Horizontal/Vertical dot plot
In this chapter, we will use the horizontal presentation, but in later chapters, when we are comparing several groups, we will use the vertical presentation.
When the data set gets larger than 20 or so, there is a real chance that data points might overlap, giving us a misleading picture of the data. Consider the four different data sets. If the data set is small \(n = 10\) (first row) there is no problem with the dot plot, and it shows the data nicely. For \(n = 20\) (second row) there is already some overlapping of data points: only 17 dots can be seen; the other 3 are overlapped. By the time \(n = 50\) (third row) the degree of overlap is substantial, so the plot mis-represents the data, and when \(n = 100\) (bottom row) the mis- representation is much worse.
For these larger data sets, we need a method for preventing overlap of the data points.

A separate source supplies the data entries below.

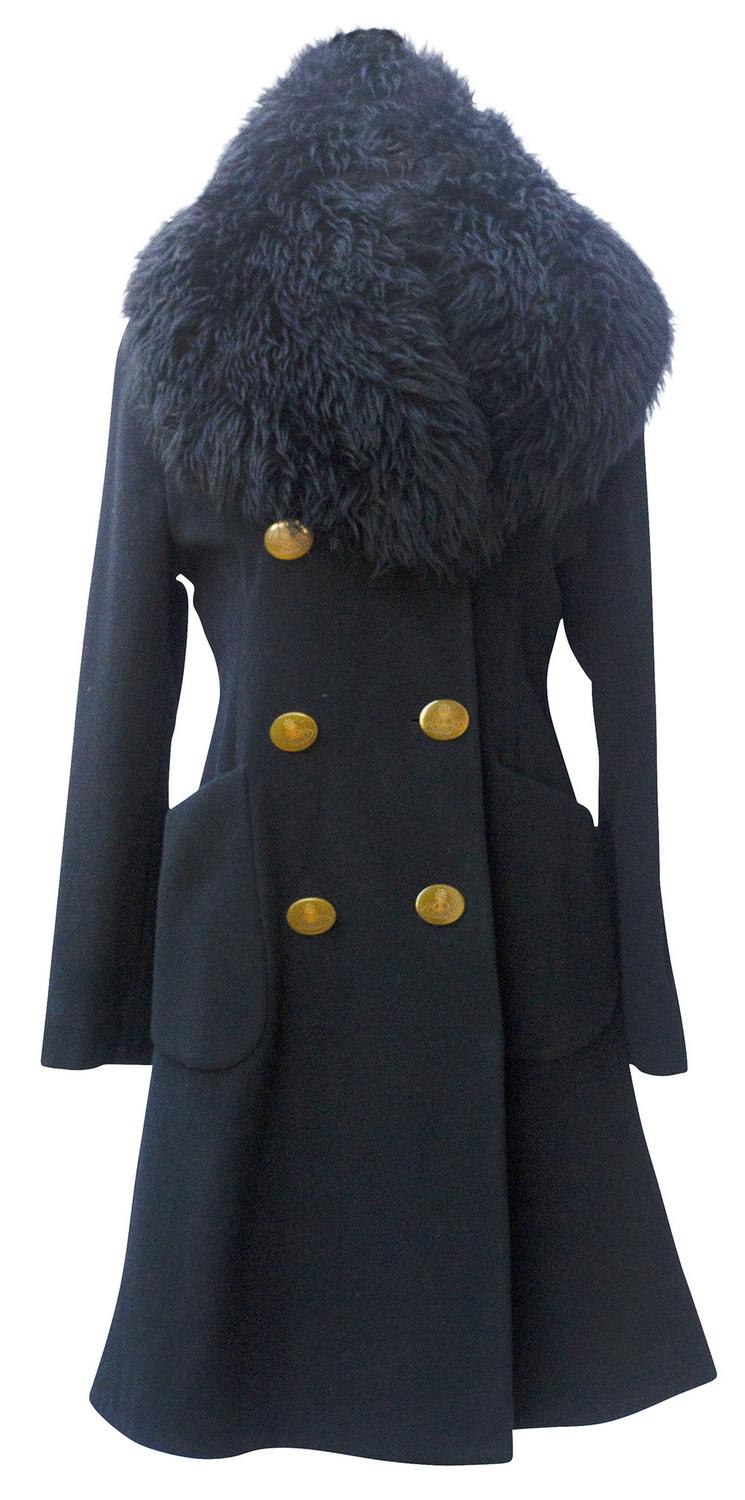 Vivienne Westwood LA LOLLO COAT Description: black wool and cashmere fabric...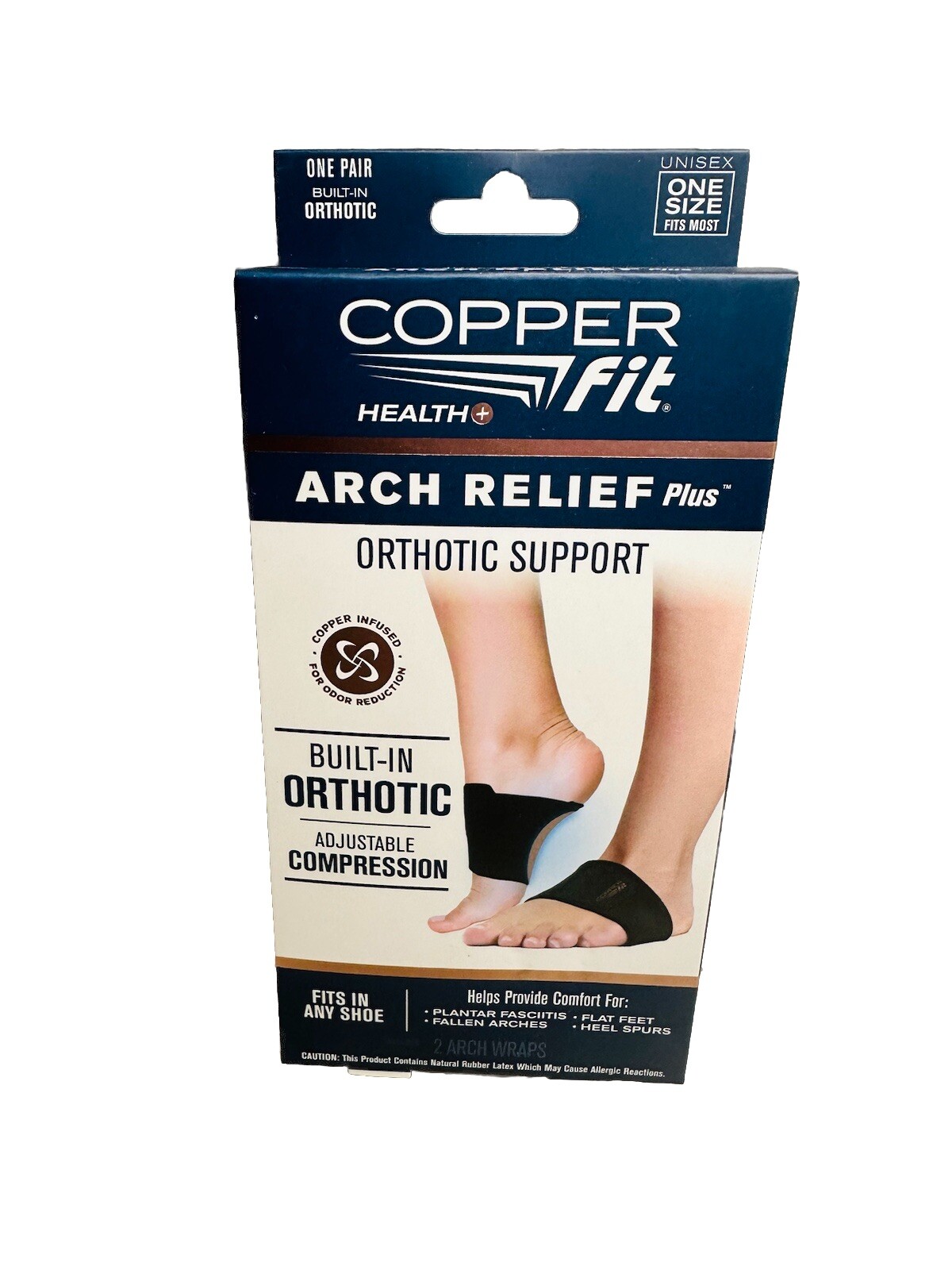 Copper Fit Health Unisex Arch Relief Plus with Built-In Orthotic Support – Black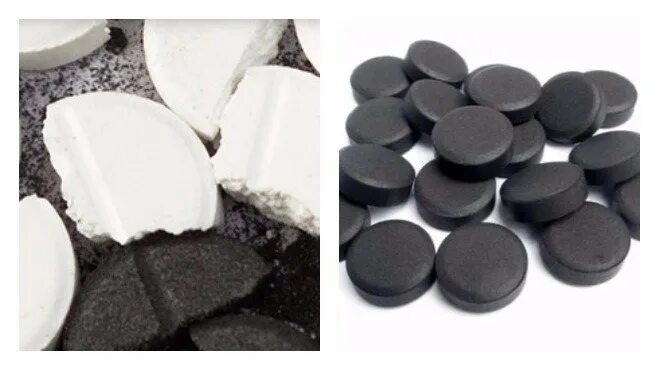 Чем отличается белый от черного. Черный активированный уголь. Активированный уголь белый Сорбифорт. Активированный уголь и каолин. Активированный уголь черный и белый.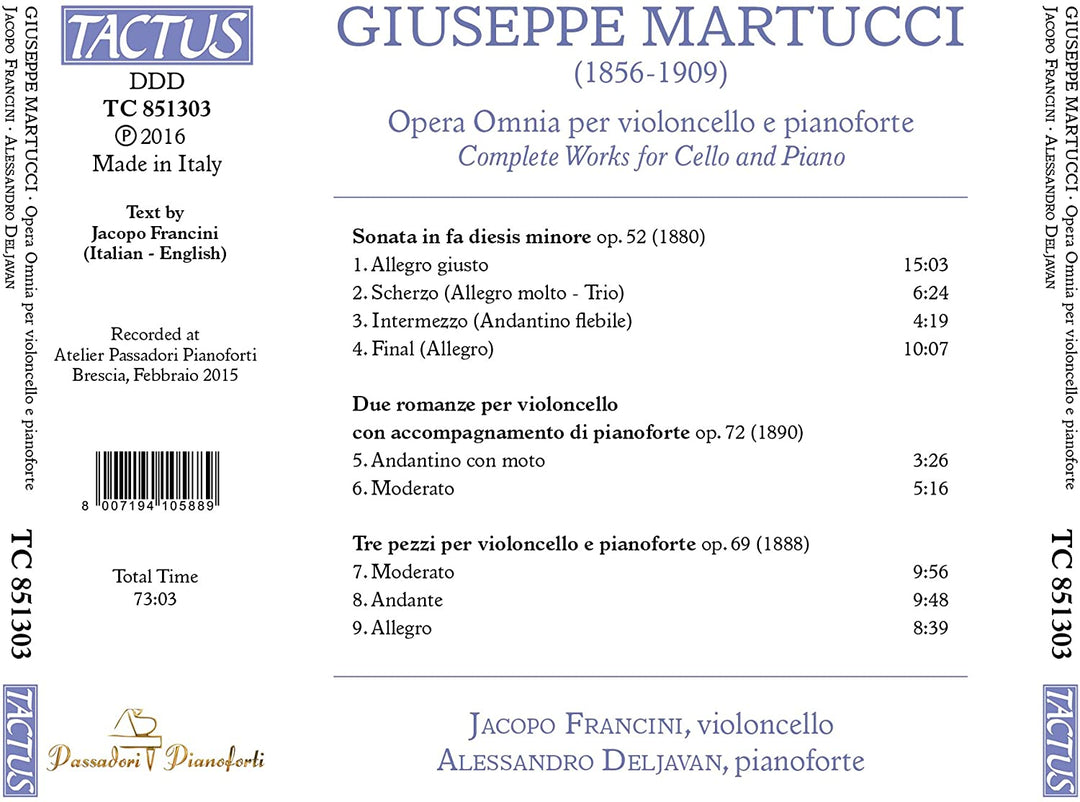 Martucci:Cello/Piano Works [Jacopo Francini; Alessandro Deljavan] [TACTUS: TC 851303] [Audio CD]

Dot plots for 4 different data sets of increasing size. Note the overlap of data points in the larger sets
Jitter One is the use of “jitter”. Since the data is one-dimensional, we can use the second dimension of the page to spread the data out. We create a fictitious second axis, and then add a small random quantity to each data point in this (meaningless) axis. This separates equal or close data points so they don’t overlap. The additional fictitious axis is meaningless.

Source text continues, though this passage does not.